-------- Extracted material

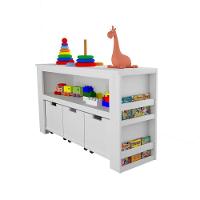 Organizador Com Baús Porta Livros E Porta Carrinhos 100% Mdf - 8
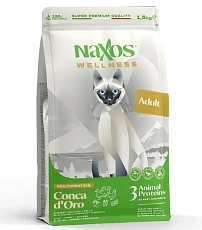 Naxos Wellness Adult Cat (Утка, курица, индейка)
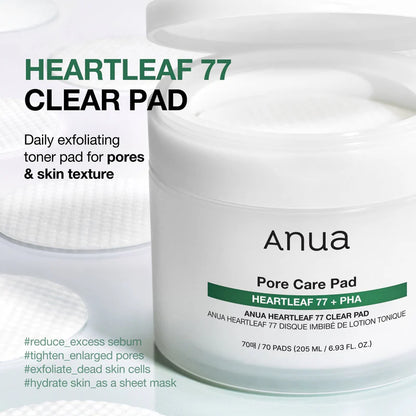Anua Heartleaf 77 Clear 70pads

----------------
-------- Extracted material

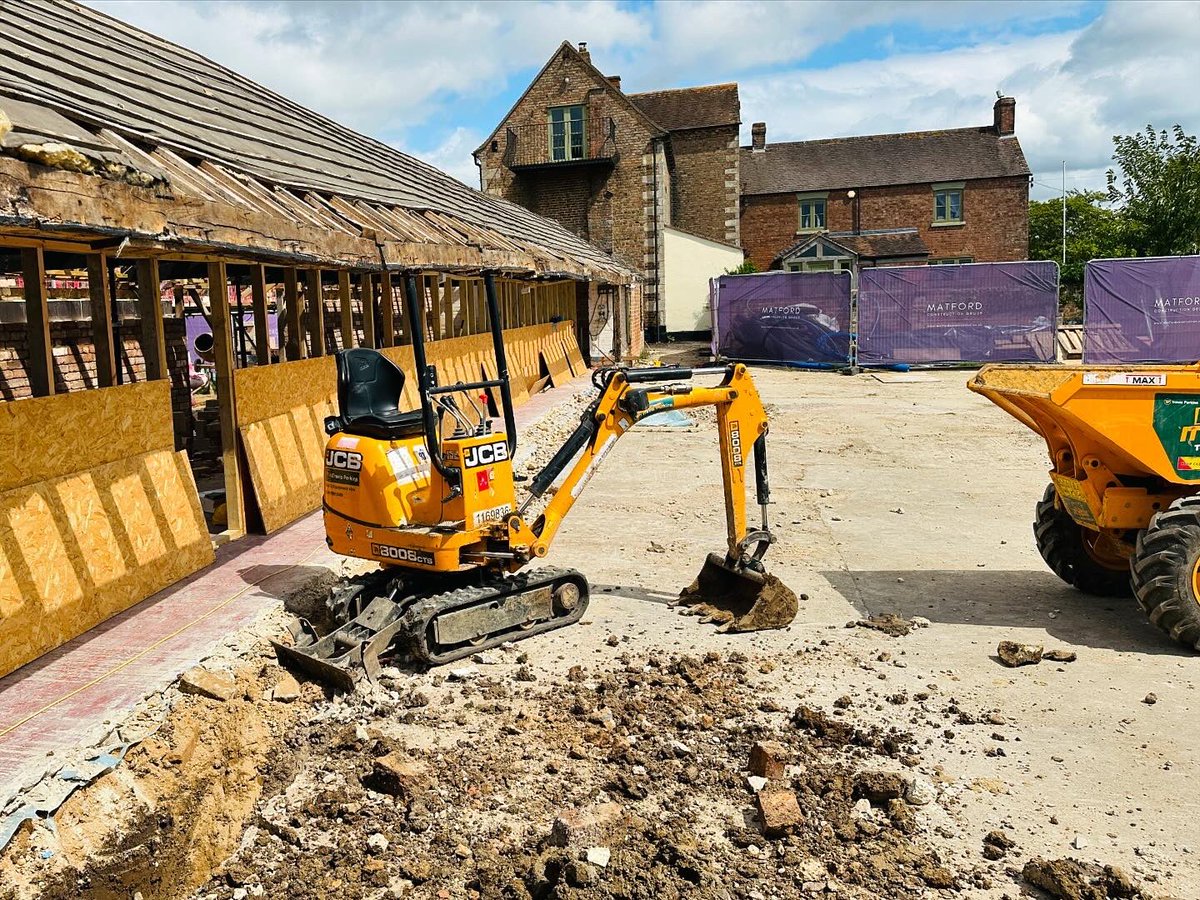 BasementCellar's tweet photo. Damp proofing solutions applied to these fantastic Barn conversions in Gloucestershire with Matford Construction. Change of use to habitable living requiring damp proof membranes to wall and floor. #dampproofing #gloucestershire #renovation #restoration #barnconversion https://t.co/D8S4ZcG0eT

----------------
-------- Extracted material

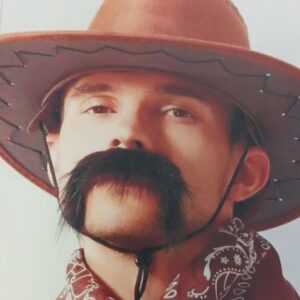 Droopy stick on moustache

----------------

• **What the task asks**: Set the pictures aside and transcribe exactly the stretch of lines above, beginning with the one holding "Naxos Wellness Adult" and ending with the one holding "Anua Heartleaf 77 Clear 70pads".

• **Finished task**:
 Naxos Wellness Adult Cat (Утка, курица, индейка)
Anua Heartleaf 77 Clear 70pads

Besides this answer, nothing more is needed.